§ **Problem to solve**: The exact lines from the start of the material below through the line holding "Hello friends, welcome" are the answer; return those, pictures excluded.

____ Information provided

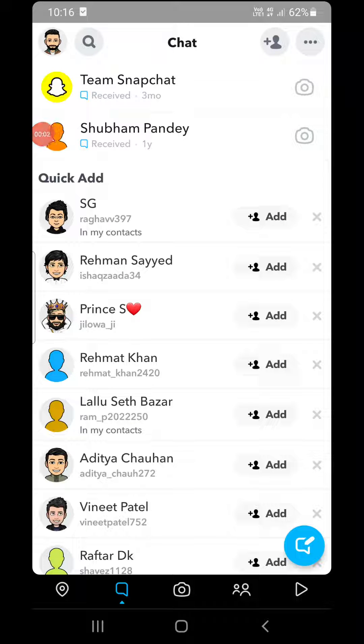Hello everyone. In this video I will show you how to create a public profile on Snapchat. Make sure you have updated your app from the Play Store or the App Store. Once you update it, please log in to your Snapchat app.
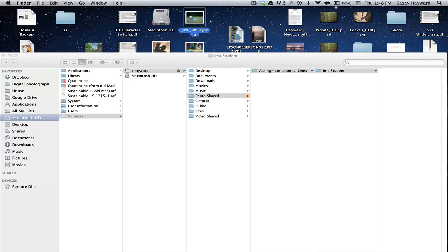Once you've created the folder, find the three files that you intend to turn in and drag them to the enclosing folder. That way, I'll be able to get a hold of them.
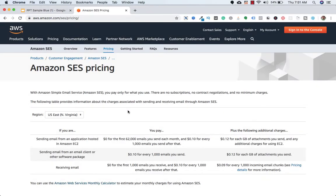Hello friends, welcome back to another video. In this video we will see Amazon SES pricing. Every 1000 emails sent with Amazon SES costs you $0.1, so 10,000 emails cost you one dollar.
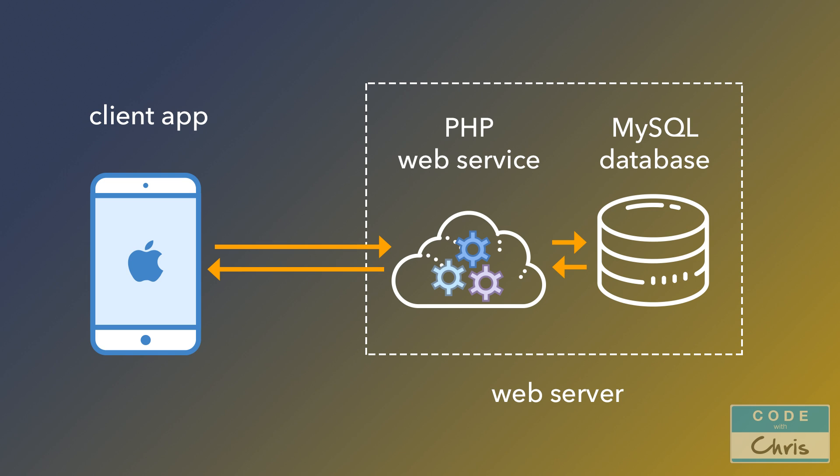However, my purpose is to show you how to connect an iOS app to a MySQL database. And even with my limited web development experience, I will be able to create a simple demo to show you how to do just that.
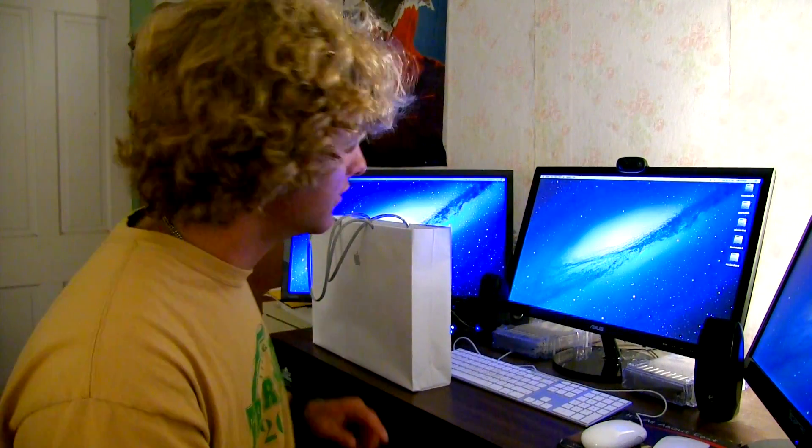Hello ladies and gentlemen, welcome to another unboxing video. This time a pretty big one. First time using the new Canon HD camera.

________

§ **Answer for this exercise**:
Hello everyone. In this video I will show you how to create a public profile on Snapchat. Make sure you have updated your app from the Play Store or the App Store. Once you update it, please log in to your Snapchat app.
Once you've created the folder, find the three files that you intend to turn in and drag them to the enclosing folder. That way, I'll be able to get a hold of them.
Hello friends, welcome back to another video. In this video we will see Amazon SES pricing. Every 1000 emails sent with Amazon SES costs you $0.1, so 10,000 emails cost you one dollar.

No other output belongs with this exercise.